WORK INSTRUCTIONS: Your job is to give again, exactly and with no additions, the lines in the records below from the one with "Fig 9. CAD prosthesis prior to milling." through the one with "immagine di melanoma", both included. Omit the pictures.

DATA FOR PROCESSING:
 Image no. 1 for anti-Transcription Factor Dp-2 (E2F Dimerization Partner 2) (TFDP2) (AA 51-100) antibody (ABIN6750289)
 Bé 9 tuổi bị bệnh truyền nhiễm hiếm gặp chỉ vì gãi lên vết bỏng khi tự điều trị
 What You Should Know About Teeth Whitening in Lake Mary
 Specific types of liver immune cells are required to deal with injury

--

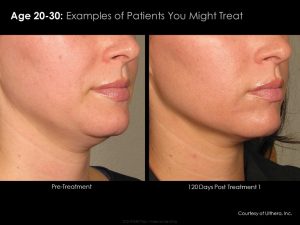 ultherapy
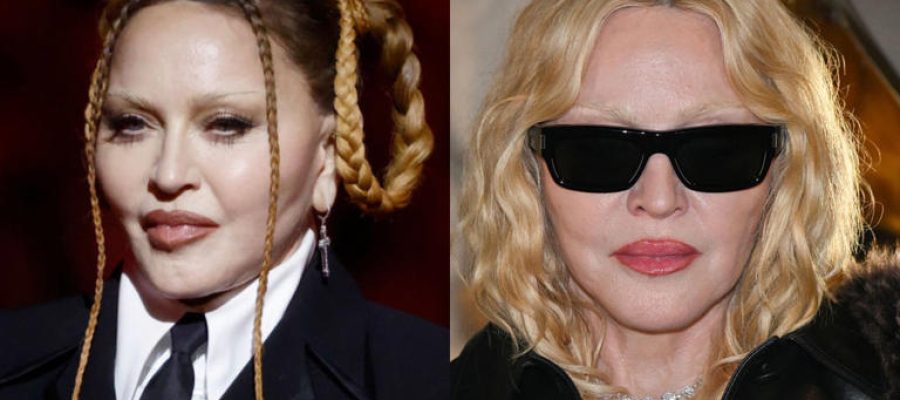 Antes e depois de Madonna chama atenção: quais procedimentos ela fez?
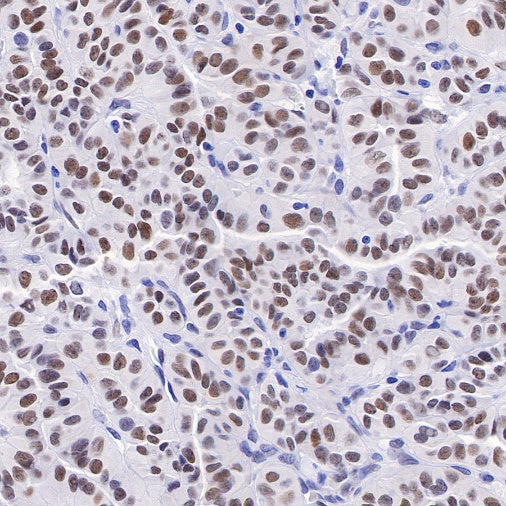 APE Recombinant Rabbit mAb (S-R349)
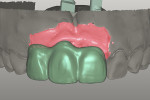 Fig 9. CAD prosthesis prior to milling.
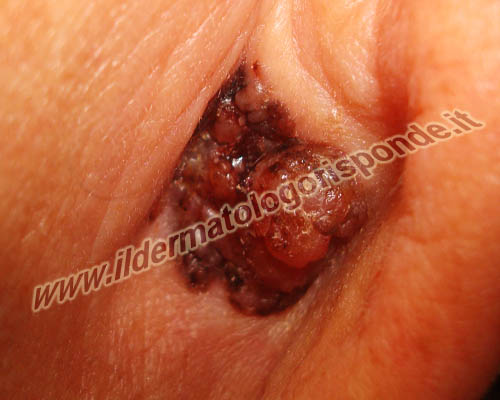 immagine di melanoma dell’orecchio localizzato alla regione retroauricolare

--

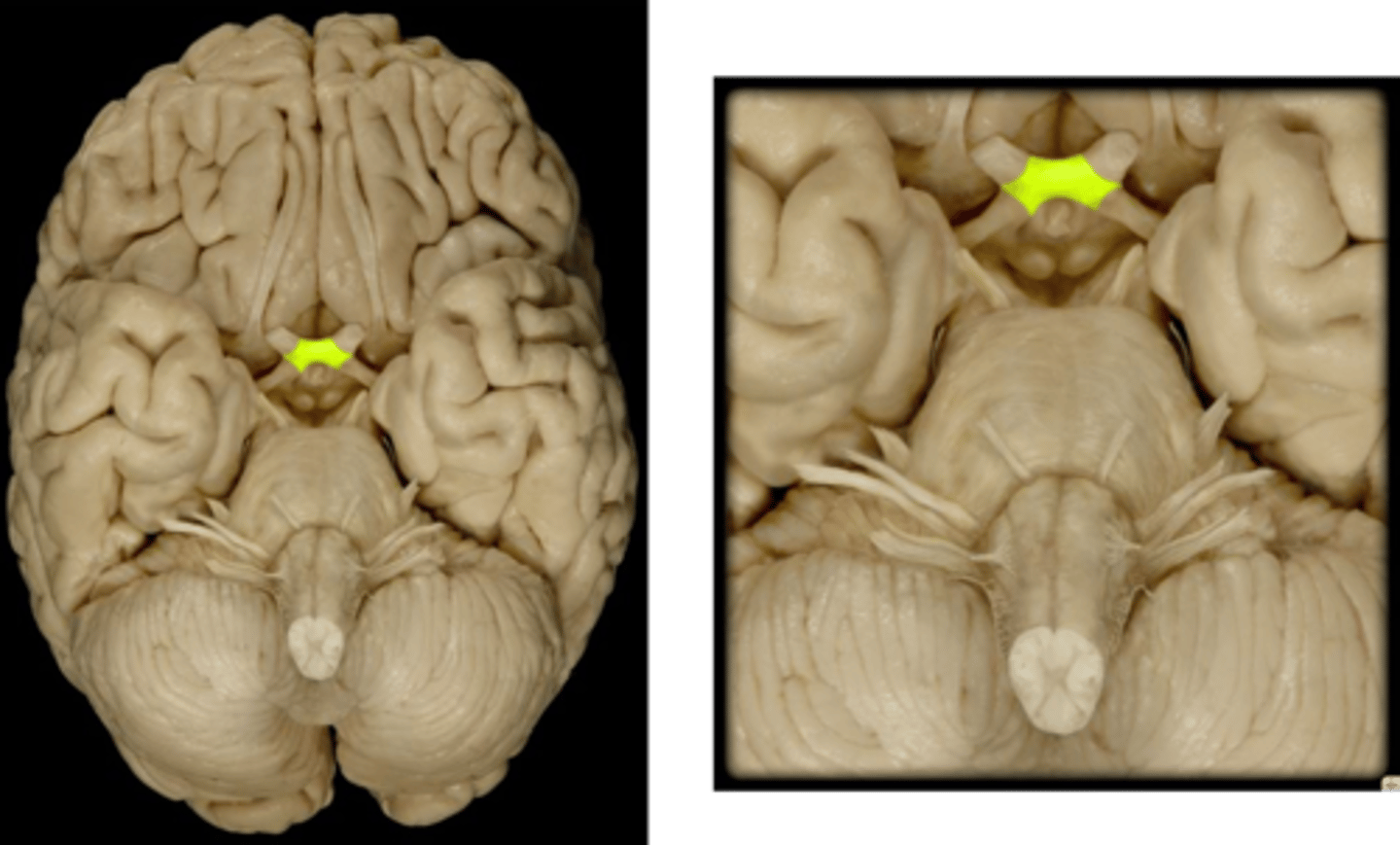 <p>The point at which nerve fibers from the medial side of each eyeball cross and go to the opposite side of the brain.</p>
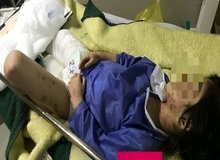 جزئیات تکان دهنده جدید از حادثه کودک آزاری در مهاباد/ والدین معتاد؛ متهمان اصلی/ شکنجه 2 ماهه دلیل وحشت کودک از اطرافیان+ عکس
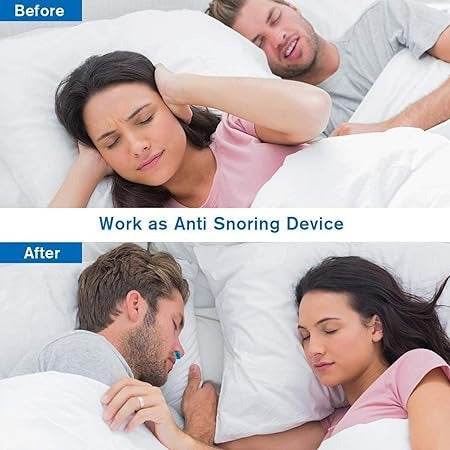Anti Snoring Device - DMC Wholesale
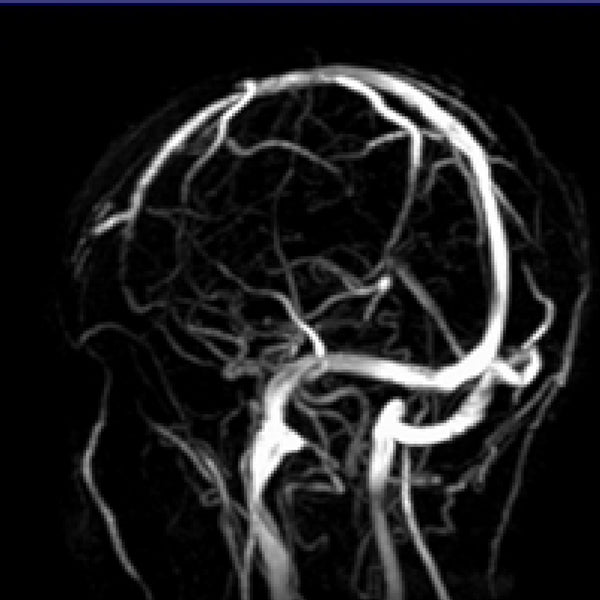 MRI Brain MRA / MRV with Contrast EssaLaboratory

WRITTEN REPLY:
 Fig 9. CAD prosthesis prior to milling.
 immagine di melanoma dell’orecchio localizzato alla regione retroauricolare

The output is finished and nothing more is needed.